[What the task asks]
Below are records with pictures; copy word for word only the lines between the line with "AFFIDAMENTO DEI FIGLI" and the line with "Nhận định- Soi", inclusive, and drop the pictures.

[Data under study]
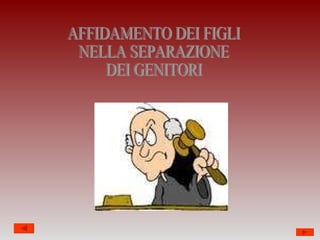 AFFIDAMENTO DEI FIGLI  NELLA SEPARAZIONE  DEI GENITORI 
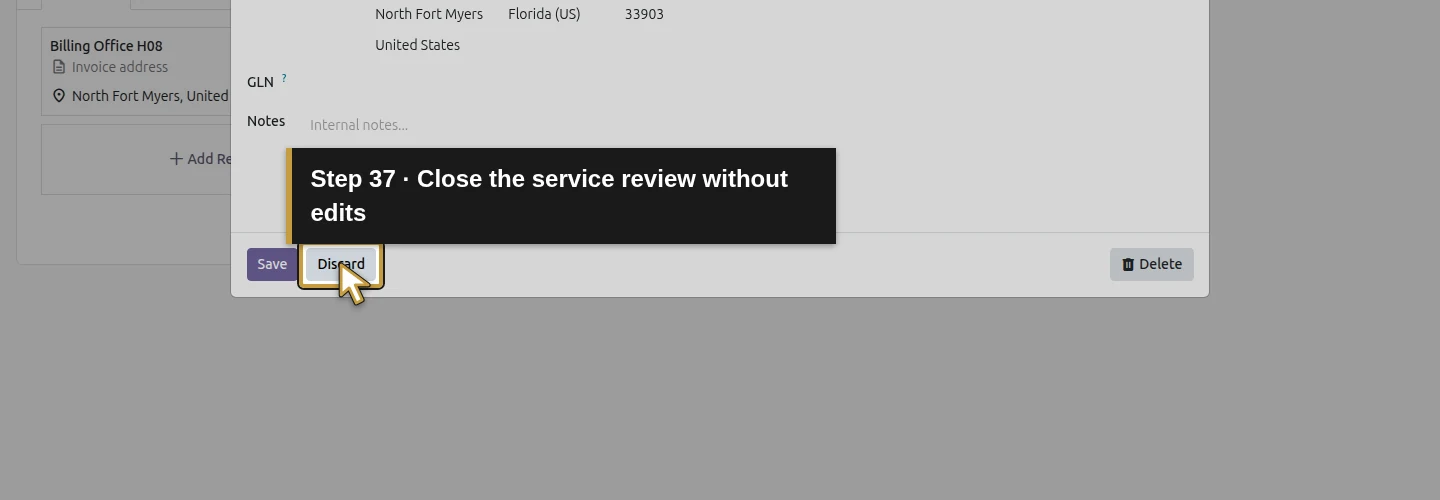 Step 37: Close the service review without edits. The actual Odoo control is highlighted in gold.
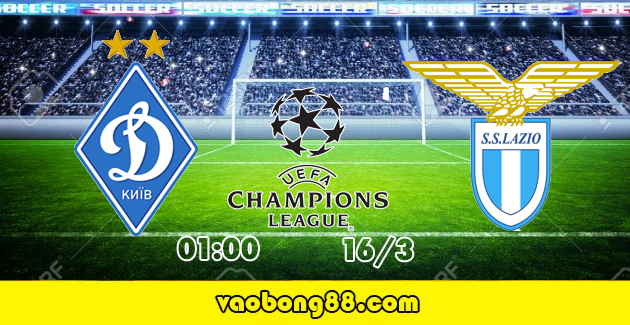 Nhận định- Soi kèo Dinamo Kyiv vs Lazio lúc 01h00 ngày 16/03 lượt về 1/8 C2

--

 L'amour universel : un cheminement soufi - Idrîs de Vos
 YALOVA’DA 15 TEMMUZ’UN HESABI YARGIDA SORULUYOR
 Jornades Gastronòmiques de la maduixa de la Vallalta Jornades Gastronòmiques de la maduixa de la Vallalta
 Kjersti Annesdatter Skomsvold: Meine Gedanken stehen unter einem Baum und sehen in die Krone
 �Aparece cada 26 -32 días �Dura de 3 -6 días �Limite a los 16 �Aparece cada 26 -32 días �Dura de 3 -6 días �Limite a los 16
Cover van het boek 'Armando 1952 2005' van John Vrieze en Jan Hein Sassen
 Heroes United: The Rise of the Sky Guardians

* * *

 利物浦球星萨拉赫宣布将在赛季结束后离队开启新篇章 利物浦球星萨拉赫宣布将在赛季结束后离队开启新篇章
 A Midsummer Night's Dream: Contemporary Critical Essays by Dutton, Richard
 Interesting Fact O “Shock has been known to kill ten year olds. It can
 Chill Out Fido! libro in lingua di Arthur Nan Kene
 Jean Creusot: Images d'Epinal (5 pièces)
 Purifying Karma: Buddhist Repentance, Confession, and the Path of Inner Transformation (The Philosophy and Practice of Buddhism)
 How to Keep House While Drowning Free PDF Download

[Exercise solution]
 AFFIDAMENTO DEI FIGLI  NELLA SEPARAZIONE  DEI GENITORI 
 Step 37: Close the service review without edits. The actual Odoo control is highlighted in gold.
 Nhận định- Soi kèo Dinamo Kyiv vs Lazio lúc 01h00 ngày 16/03 lượt về 1/8 C2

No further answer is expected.